I have promised snippets of insight to the book here on my blog as the author of "A Love Beyond Time". Today I am opting to offer a sneak peek at one element of the story, perhaps a small element, but a large component of the make up of one of the main characters.
The hope I have in creating this character is to offer an insight to the lives of those born into the ministry and the pressure that appears to be unjustly placed upon them. The view is from a personal reflection of several pastors off spring that I have come to know through out my life.
There are so many old adages about the "PK" reputation. Two of the most common myths in my experience are:
1.) The unrealistic impressions of overly self righteous expectations. 2.) The old adage that you don't allow your children to date the Preachers kid cause everyone knows their the worst!
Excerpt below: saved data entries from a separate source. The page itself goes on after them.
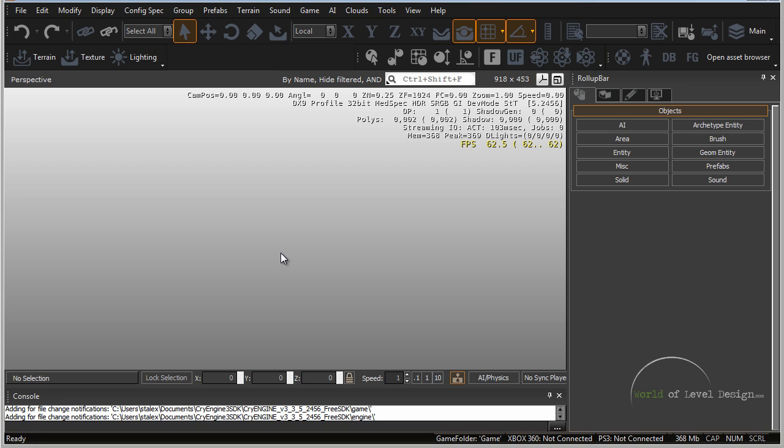Now the first thing I would recommend to do when you open up CryEngine 3 SDK is to go ahead and open up the example map. This example map comes with the downloadable version and it's the easiest and fastest way to get an idea of what's possible inside CryEngine.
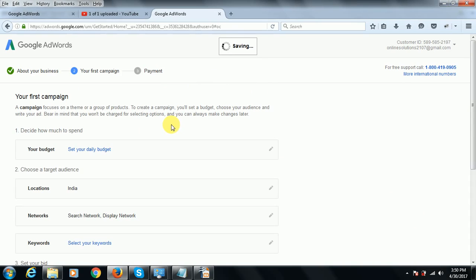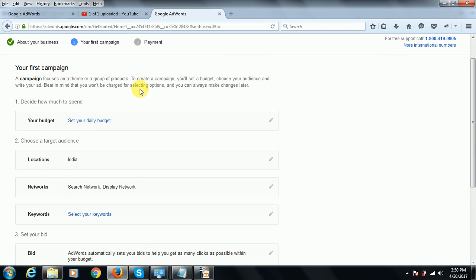Now we can see the Google AdWords page for creating your first campaign. A campaign is very important — it focuses on a theme or a group of products. To create a campaign you'll set a budget, choose your audience, and write your ad. Bear in mind you won't be charged for selecting options and you can always make changes later. You create an ad of your own choice and set a budget, which varies from business to business.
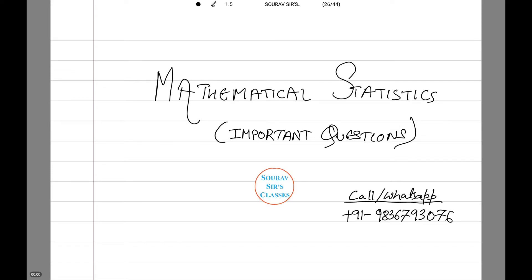Welcome to Shortsers Classes. Today we are going to be dealing with some important questions on mathematical statistics. You can call or WhatsApp at the number given on the screen or in the description below. Let's dive right into our first question.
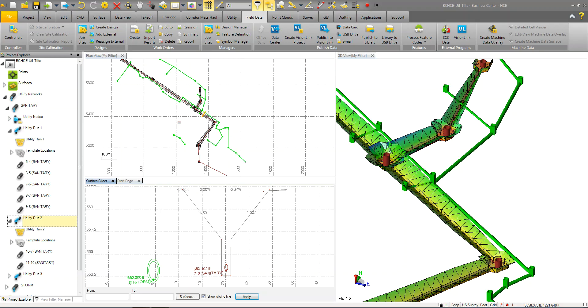So that's the quick overview. What we'll do next is we'll start getting into more of the details and show you actually how to put this all together and start laying out some utilities. Thank you.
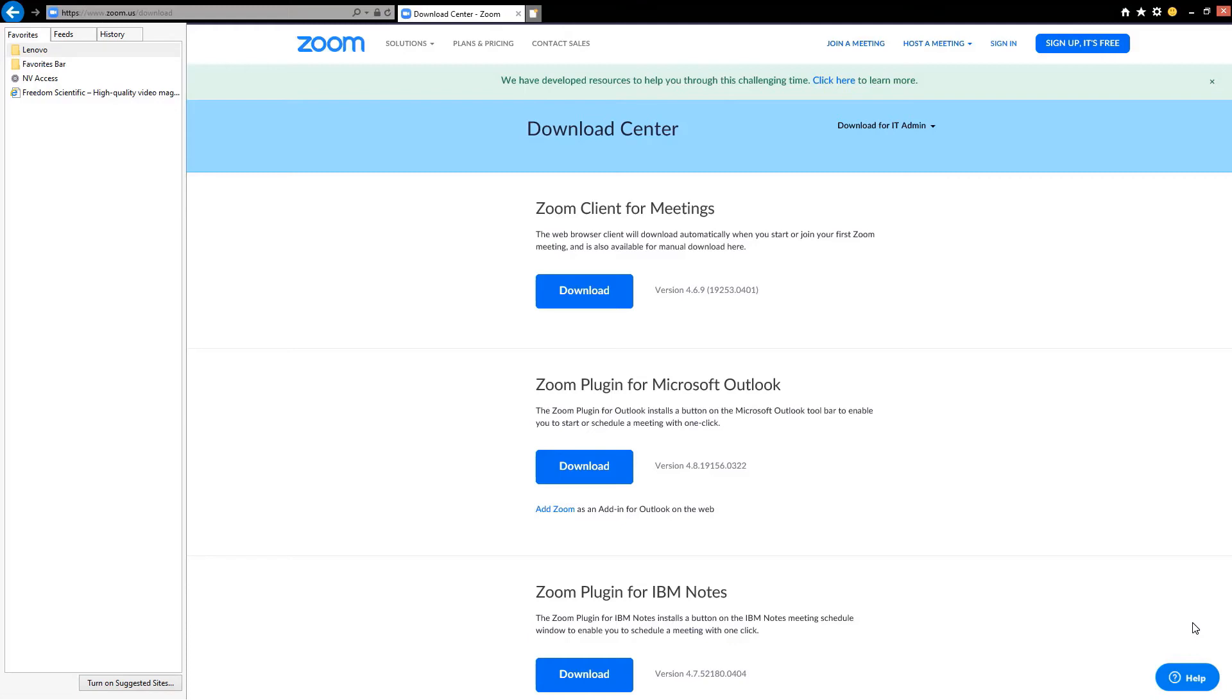Now I've been here before and I know that where I want to be is under the first heading level two on the page. So instead of cycling through all of the headings on this page with the letter H, I'm going to simply press two on the number row. I'll do that now. Download center heading level one. Zoom client for meetings heading level two. Zoom client for meetings.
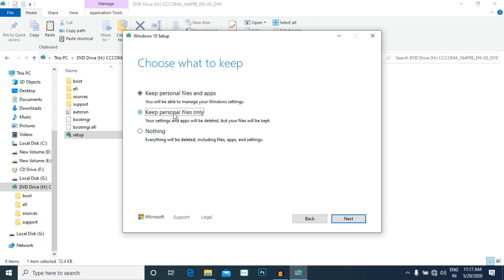Choose what to keep. You can keep personal files and apps — this will install the application and drive the files. Or keep personal files only without installing apps. Or choose to delete everything.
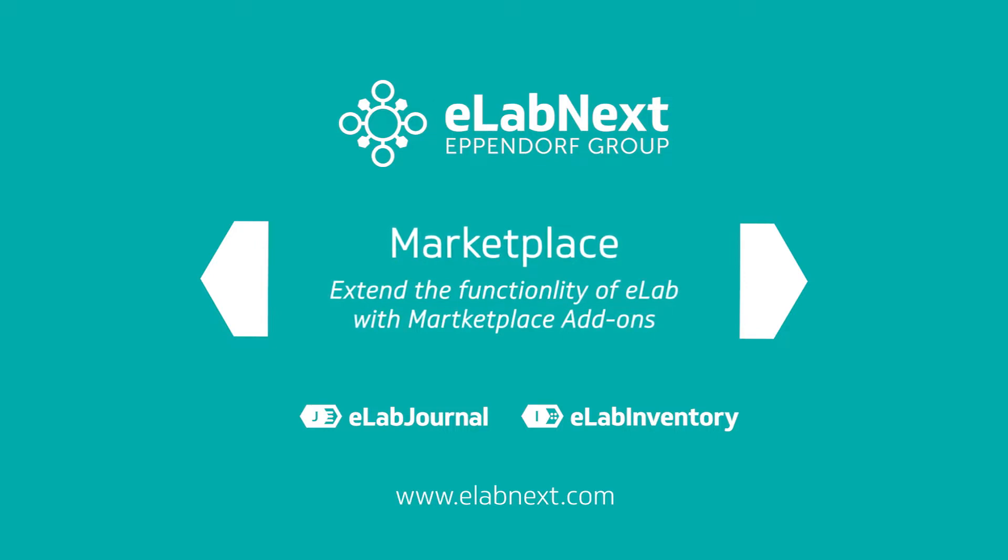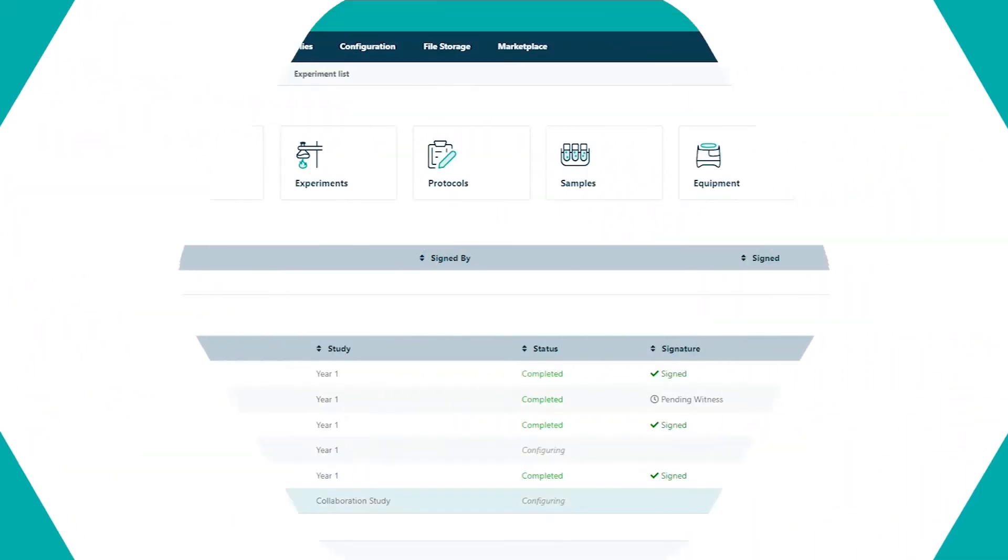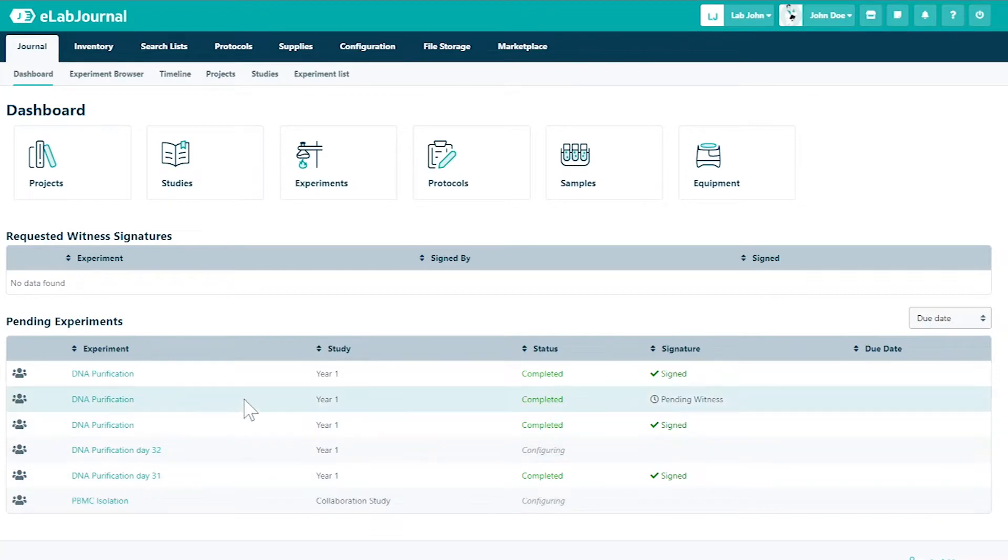In this video, you'll be learning how to extend functionality with add-ons from eLab Marketplace.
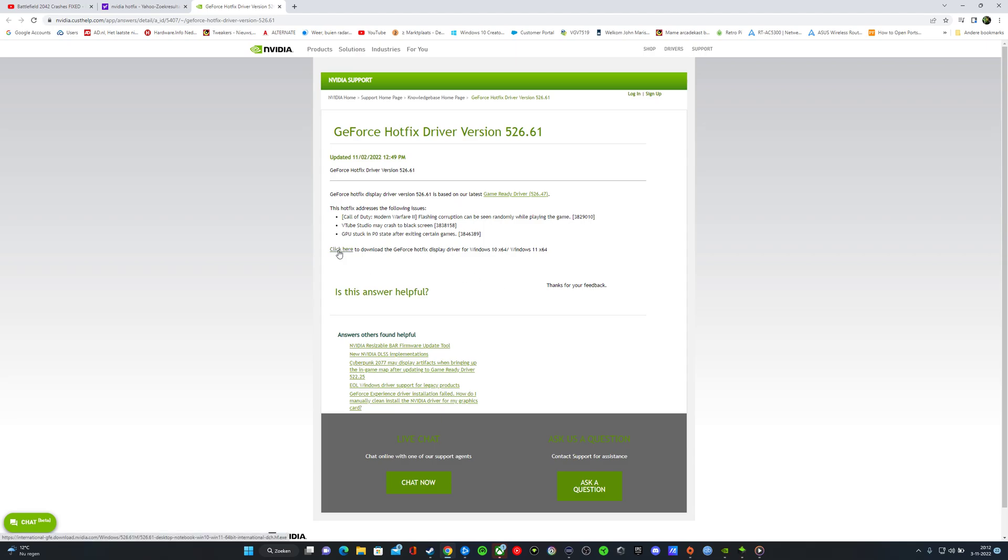Click here to download the GeForce Hotfix display driver for Windows. Is this helpful? Yes, I think so, and for me it's important.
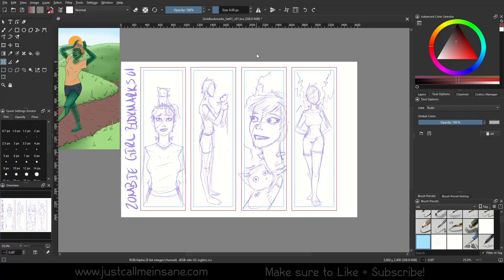Hey everybody, welcome back to Krita Tutorial. Today we're going to talk about the next option in the Assistant Tool series, which is Ruler. This is more of a digital ruler that can measure out things within Krita. Because I was working on bookmarks, I figured that would be a fun way to demonstrate the ruler — just to check the sizing and things like that.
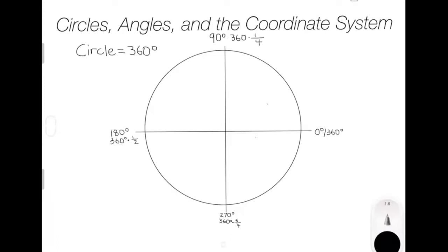Hey guys, today we are going to be talking about circles, angles, and the coordinate system, as well as explore how they are related to Python Turtle.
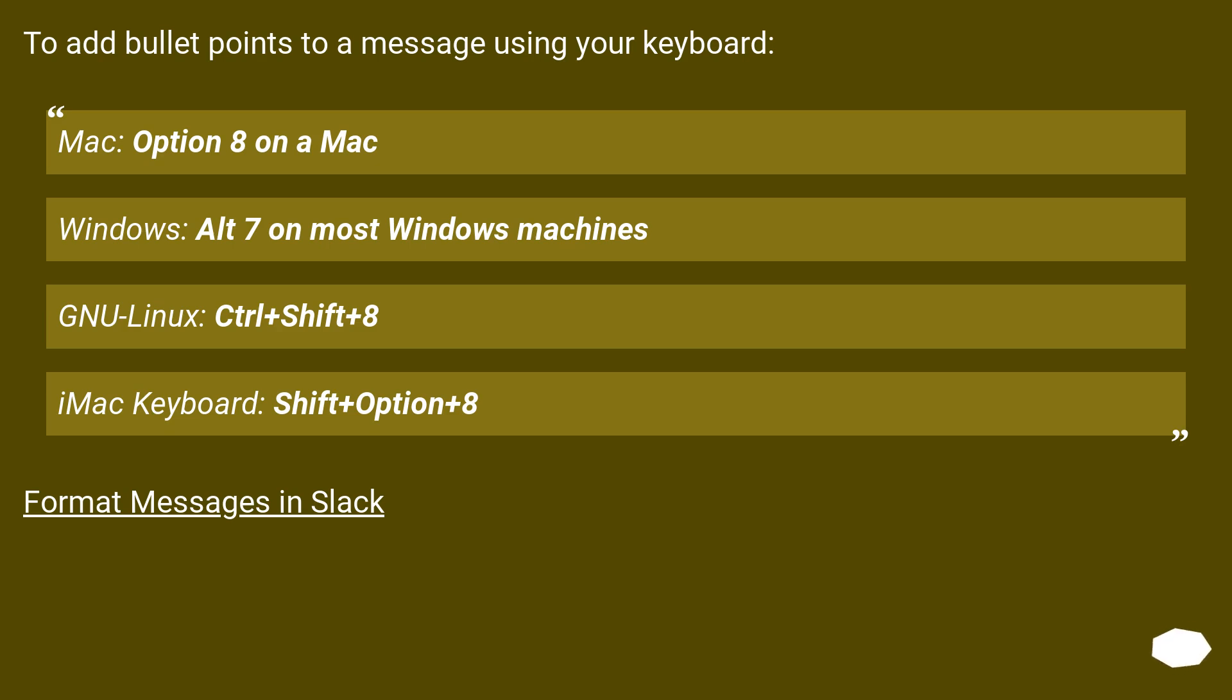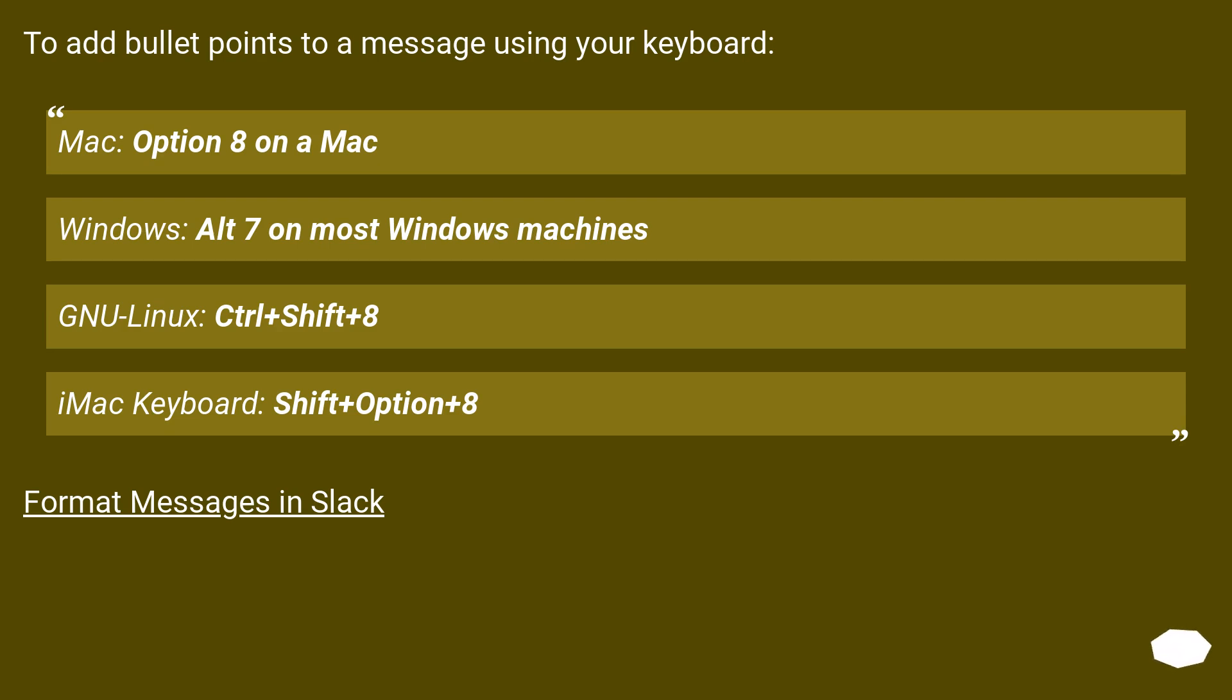To add bullet points to a message using your keyboard: Mac, Option 8 on a Mac. Windows, Alt 7 on most Windows machines. GNU Linux, Ctrl plus Shift plus 8. iMac Keyboard, Shift plus Option plus 8. Format messages in Slack.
In "A Love Beyond Time" Katie, a lovely young woman, is attempting to discover her own identity, in spite of the image that a small community creates for her as the daughter of one of the area's church pastors. She is the youngest child of three and seemingly more aware of the burden of responsibility placed on her than her older brother. Though he is several years her elder, she views him as nearly perfect in her eyes. Katie struggles to meet the level of expectancy she feels he has put before her. Yet, she is willing to take the burden as it connects her to her own personal faith and belief. Her position is unlike Veronica’s, the middle child and Katie’s older sister. Veronica has since a youthful age been rebelling against all that her lot in life has dealt her.
It opens our eyes to the nearly mystical world of the life of many if not most that choose a life of service in the ministry. We can see from a more personal vantage point where such expectations can and often do affect the outcome and lives of those who we so often take for granted. Those individuals whom we inadvertently place our own image and expectations upon even without realizing we've done so.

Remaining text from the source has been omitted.